And we get from the website of HTML source code, very few do not change line. This time the Single-line mode comes in handy, it can change the meaning of the point symbol. Modify the constructor of the Regex instance, using Regexoptions.singleline to declare the use of Single-line mode:
String pattern = @ "<div>.*</div>";
Regex regex = new Regex (pattern, regexoptions.singleline);
if (regex). IsMatch (str))
Console.WriteLine (regex. Match (str). Value);
Else
Console.WriteLine ("mismatch!");
/*
The results are:
<div>
Line 1
Line 2
</div>
*/
Inline modifiers for Single-line mode:
We can embed Single-line mode directly in a regular expression:
(? s) <div>.*</div>
(? s) modifier description, followed by a single-line pattern of the expression. So please do not put it at the end when using. You can also turn off Single-line mode using (? s).
Note: Embedding mode has precedence over the RegexOptions setting of the Regex class, so after using (? s), resolve in Single-line mode regardless of whether or not regexoptions.singleline is used.

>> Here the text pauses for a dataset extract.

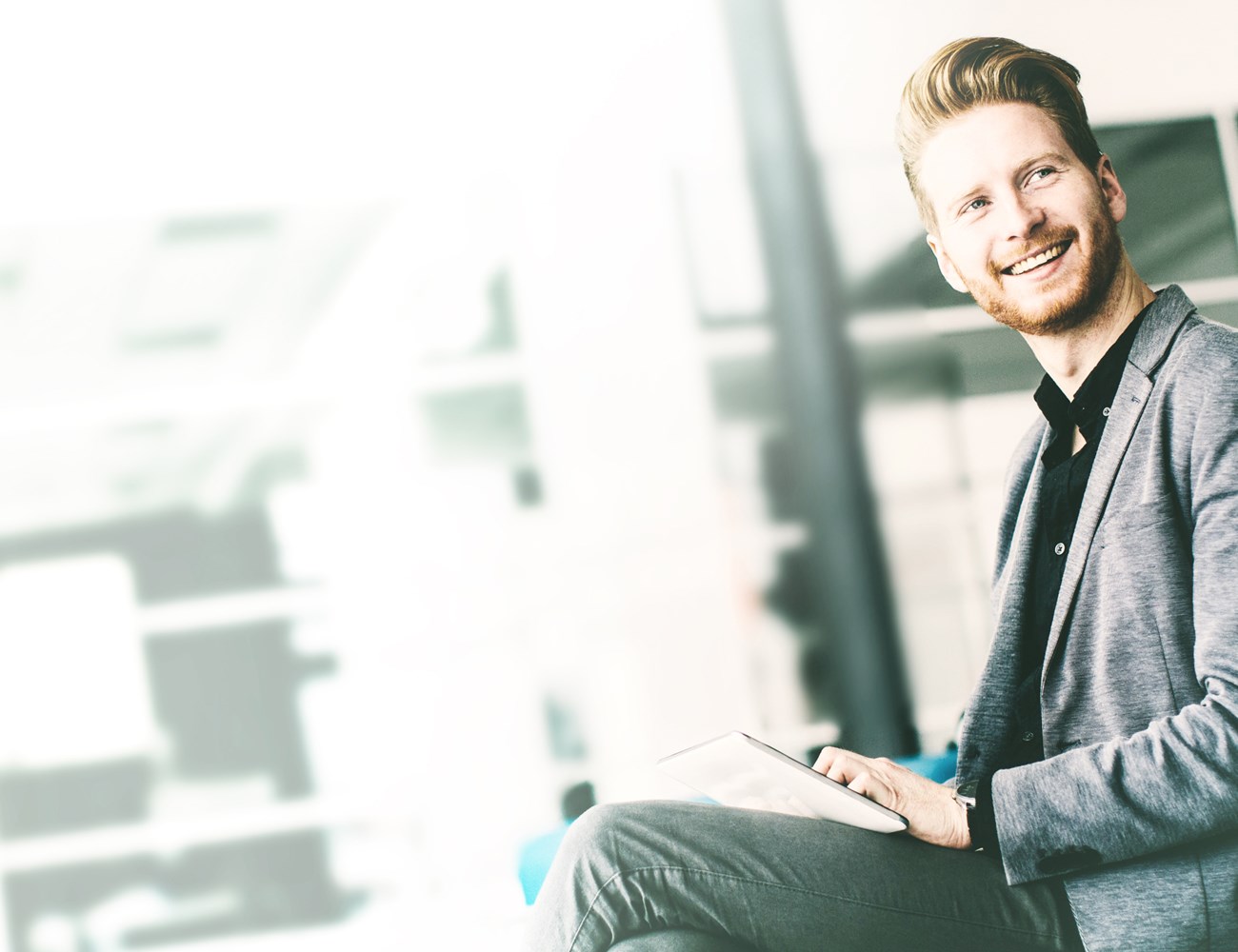 Man in a casual business attire sitting with a tablet and smiling while he works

2. Multi-line mode (Multiline)
MSDN Definition: Change the meaning of ^ and $ so that they match at the beginning and end of any line, not just the beginning and ending of the entire string.
Example:
There is a text file, each row of which is a username, which reads the file into the variable str for processing. Its contents are as follows:
24 Painting students
Terrylee
Mo Meet
Dflying Chen
Rainy
Blog Park, the name of your predecessors:
We want to find a username that starts with an English letter and writes the following code:
String pattern = @ "^[a-za-z]+.*";
Regex regex = new regex (pattern);
if (regex). IsMatch (str))
Console.WriteLine (regex. Match (str). Value);
Else
Console.WriteLine ("mismatch!");
The result is: mismatch!
Error Analysis:
(^) is the starting anchor of the string, and the first character of STR is a Chinese text, so it doesn't match. We can use multiline mode to change the meaning of (^) so that it matches the start of each row, not the beginning of the entire string.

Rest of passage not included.